Meditations – in Writing

I’ve decided I’m going to start doing something new. I don’t know how often I’ll do it or how often I’ll post something for it, but it’ll happen when it happens. My mother recently gave me a book of quotes from great leaders. I read it, all of it. The idea is I’ll pick a quote – mostly at random – and do a critical thinking activity on it. Though, sometimes I might pick something else, like a song or a picture.

“One loss is good for the soul. Too many losses are not good for the coach.” Knute Rockne

I’m going to focus more on the first part of the quote than the second. For a bit of background, Knute Rockne immigrated to the US at the end of the 1800s, studied chemistry at Notre Dame and later became an instructor. He went on to become the head coach and won 105 games, lost 12, and tied 5. An impressive record to say the least.

In the movie Patton, starring George C. Scott, he gives a motivational speech in front of the US flag, presumably to an assembly of troops. He says Americans love to win – love winners and hate losers. Patton hated losing – hated holding back or coming in second. I think most people hate to lose. It is part of our nature. Survival is a competition. Only the fastest, smartest, or strongest will survive and they pass those traits to their young, along with their knowledge.

I think the purpose of the quote is to remind people to be humble and be a good sport when things don’t go well. Winning is great. Winning feels great. Sometimes our success and the high of it makes us conceited. Our egos become inflated and we think ourselves invincible. That is usually when we see some take a fall. Some people never recover – never bounce back. There are many other quotes about the true measure of success being in how quickly someone gets up again. Failure and defeat are only temporary set backs meant to teach us how to move forward.

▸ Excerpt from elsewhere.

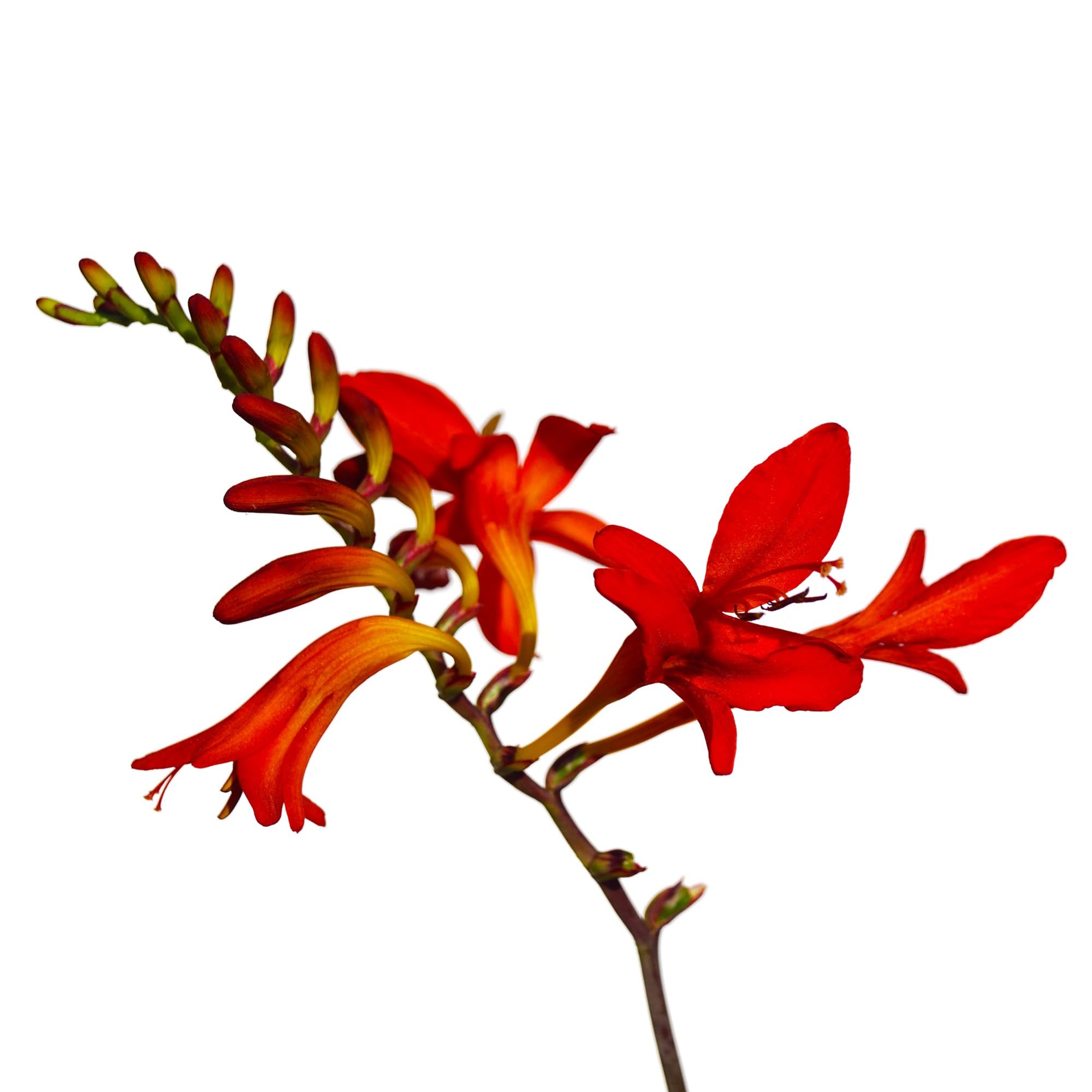 Easy to Grow Crocosmia ‘Erika’ 20 Corms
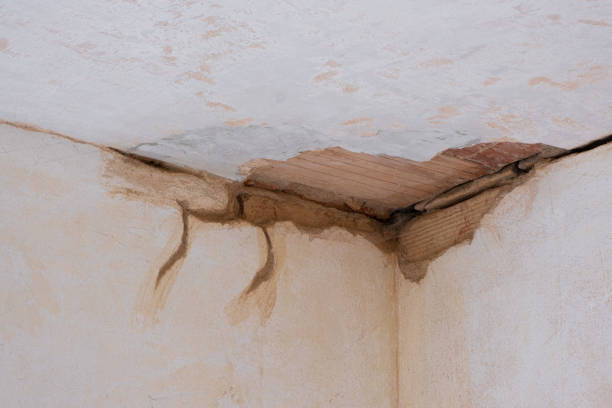 Best Water damage cleanup near me  in Bohners Lake, WI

I think that is something society is losing touch with. Everyone is so focused on winning or being first or perfect or right we don’t know how to handle failure and set backs. Instead we see things like “no child left behind” and “everyone’s a winner.” By taking away the “loss” and the “loser” in the equation we set ourselves up to stagnate. We say, “this is good enough,” and never try for better. When we struggle – when we lose it should give us the goal to be better.